State Compensation Insurance Fund v. Industrial Accident Commission

365 P.2d 415, 56 Cal. 2d 681, 16 Cal. Rptr. 359, 1961 Cal. LEXIS 333
CourtCalifornia Supreme Court
DecidedOctober 13, 1961
DocketS. F. 20702
StatusPublished
Cited by19 cases

This text of 365 P.2d 415 (State Compensation Insurance Fund v. Industrial Accident Commission) is published on Counsel Stack Legal Research, covering California Supreme Court primary law. Counsel Stack provides free access to over 12 million legal documents including statutes, case law, regulations, and constitutions.

Bluebook
State Compensation Insurance Fund v. Industrial Accident Commission, 365 P.2d 415, 56 Cal. 2d 681, 16 Cal. Rptr. 359, 1961 Cal. LEXIS 333 (Cal. 1961).

Opinion

WHITE, J.

The State Compensation Insurance Fund seeks a review of an Industrial Accident Commission award to Joseph Quick on the ground that because of a preexisting partial disability he was not entitled to full compensation awarded him for total disability.

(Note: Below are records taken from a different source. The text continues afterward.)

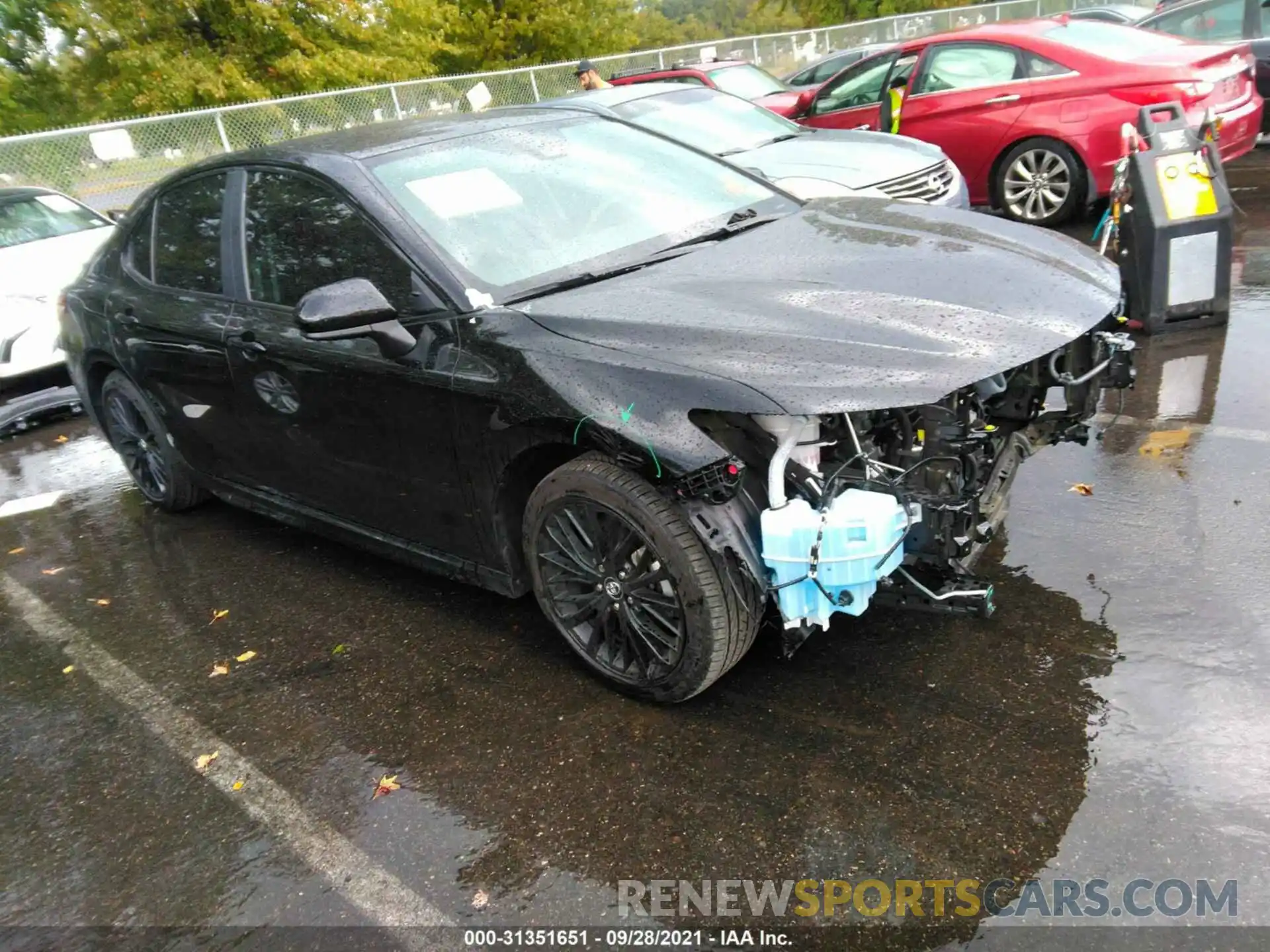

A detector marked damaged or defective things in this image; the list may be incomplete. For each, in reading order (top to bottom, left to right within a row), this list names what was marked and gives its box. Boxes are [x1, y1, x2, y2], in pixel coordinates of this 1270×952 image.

crumpled hood [0, 225, 114, 299]
crumpled hood [516, 198, 1122, 410]
crumpled hood [736, 130, 942, 189]
damaged front end [677, 320, 1138, 656]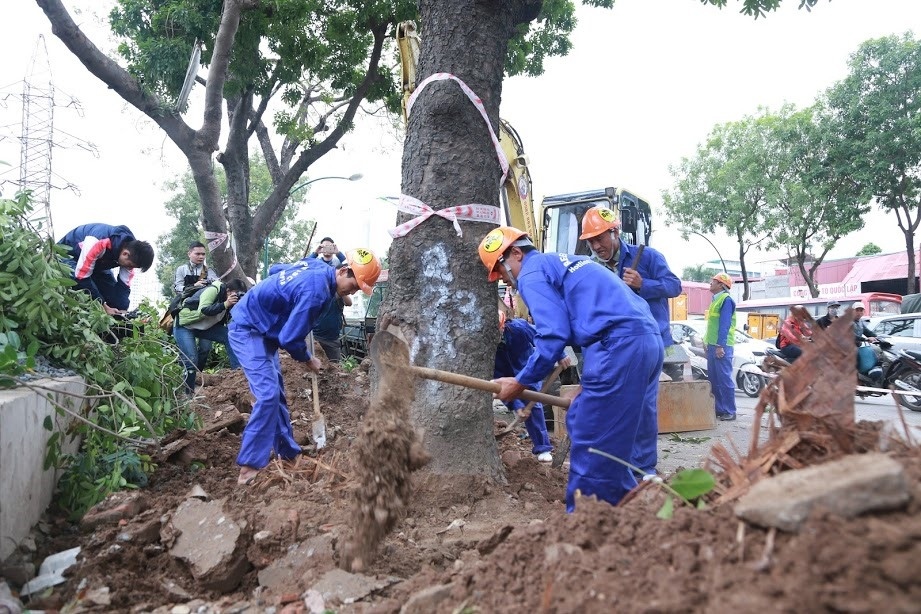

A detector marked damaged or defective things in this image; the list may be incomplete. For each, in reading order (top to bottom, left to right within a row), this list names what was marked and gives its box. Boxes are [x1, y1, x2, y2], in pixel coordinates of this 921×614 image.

broken concrete [732, 452, 912, 536]
broken concrete [167, 500, 248, 596]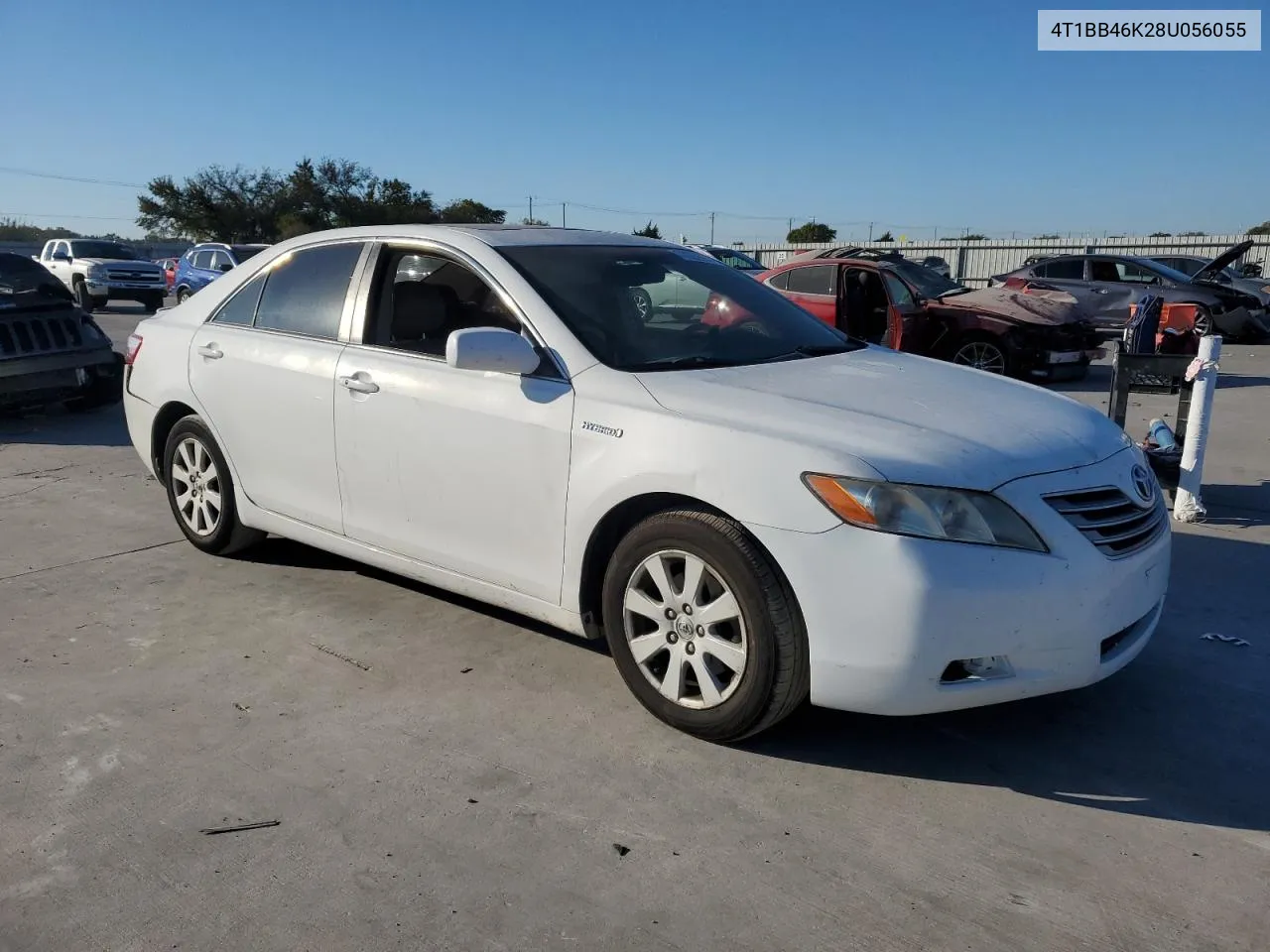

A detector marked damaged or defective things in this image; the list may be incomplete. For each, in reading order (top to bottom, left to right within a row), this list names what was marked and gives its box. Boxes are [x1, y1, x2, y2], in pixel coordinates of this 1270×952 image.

damaged red car [705, 250, 1102, 381]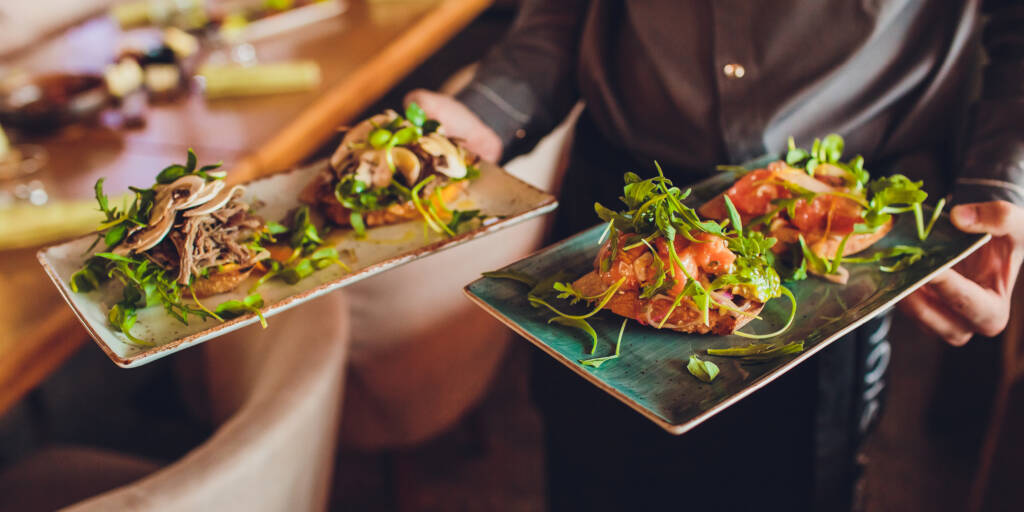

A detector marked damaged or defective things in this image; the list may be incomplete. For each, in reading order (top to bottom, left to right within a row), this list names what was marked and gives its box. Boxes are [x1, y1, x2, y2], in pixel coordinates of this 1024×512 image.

white plate with chipped rim [39, 158, 557, 364]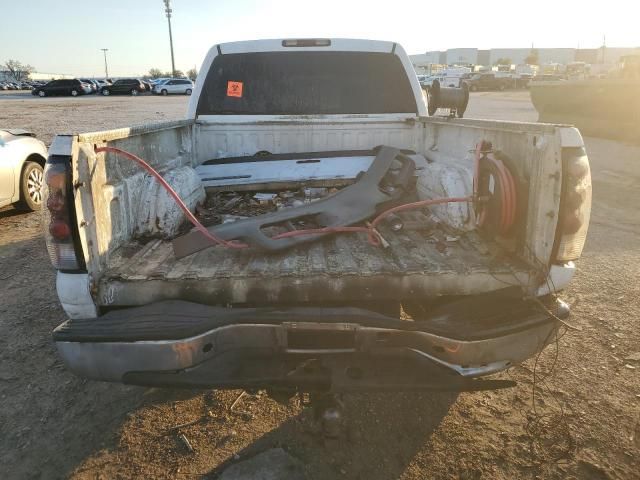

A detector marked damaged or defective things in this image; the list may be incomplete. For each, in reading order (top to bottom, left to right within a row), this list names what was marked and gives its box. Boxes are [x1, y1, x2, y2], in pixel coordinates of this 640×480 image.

broken taillight [42, 157, 85, 270]
damaged truck bed floor [100, 230, 528, 308]
broken taillight [552, 147, 592, 262]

In 1955, Mr. Joseph Quick, a deputy sheriff of Fresno County, became disabled by reason of progressive arteriosclerotic heart disease with heart insufficiency. Upon application for workmen’s compensation benefits, the Industrial Accident Commission found that the applicant was permanently, partially disabled to the extent of 43% per cent and that one-half thereof, or 21% per cent of the disability, was due to nonindustrial normal progress of the disease, the other one-half being attributed to industrial aggravation. At that time an award was made on this basis.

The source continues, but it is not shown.